Writing Kung Fu (文打 (Wen da, Writing Strike)), also known as Chinese Samson and Hot Dog Kung Fu, is a 1979 Hong Kong martial arts drama film directed by Bolo Yeung (credited as Yang Sze).

==Plot==
During the Tea War, convoys of tea and their escorts are being robbed and killed by gangs of outlaws. Red Clay Village is a small outpost along the trade route on the border between the north and south. A man wearing all white enters town pretending to be a tea and salt trade delegate and regarded with suspicion by a traveling blind fortune-teller and his assistant, both of them drunken boxers.
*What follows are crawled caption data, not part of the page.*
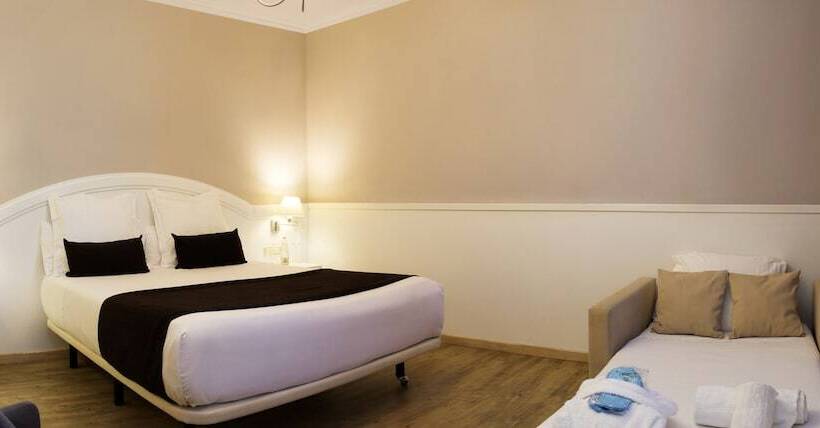 标准三人间, 1881 Hotel Balneario Vichy Catalan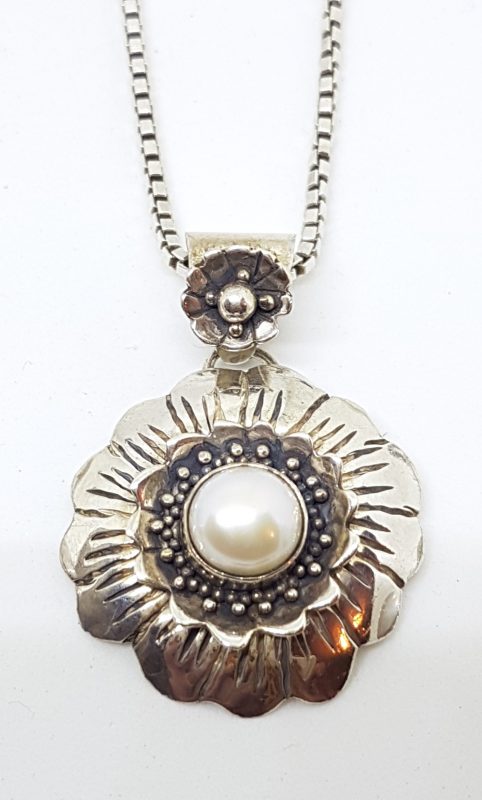 Sterling Silver Pearl Flower Pendant on Silver Chain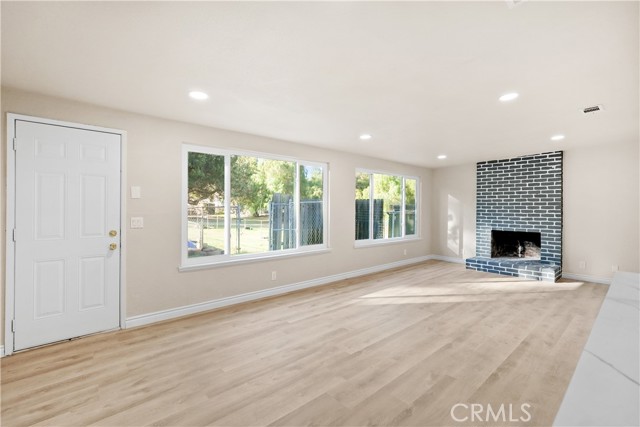 Detail Gallery Image 12 of 31 For 17551 Holden, Perris,  CA 92570 - 4 Beds | 2 Baths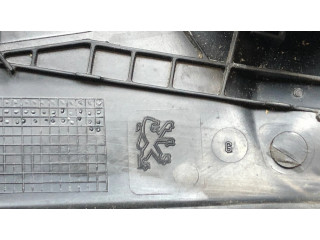 Zpětné zrcátko  levé Peugeot 204 2004  P6485000, E2027003  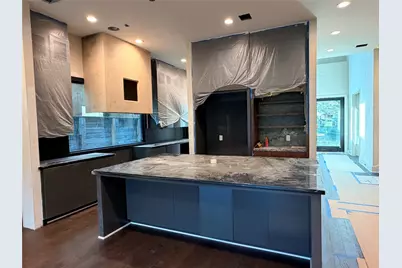 1523 Marshall Street, Houston, TX 77006 - Photo 2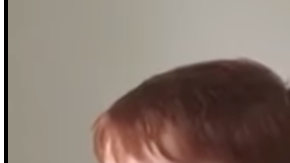 Estos tres hermanos llevaban tiempo esperando un nuevo hermanito.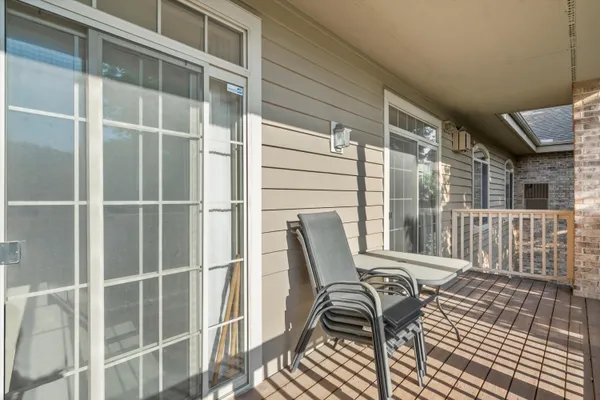 $325,000 | 13050 West Bluemound Road, Unit 303, Elm Grove, WI 53122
A weak teacher in the village attempts to teach his poor and orphaned students, focusing on a good conscience. Stronger miscreants throw money at him and beat him as he tries to collect it, so his students ridicule him as stupid and abandon his class. One female student, Ah Cheung, remains loyal and Ah Cheung's encourages the teacher to find a way to continue teaching the children.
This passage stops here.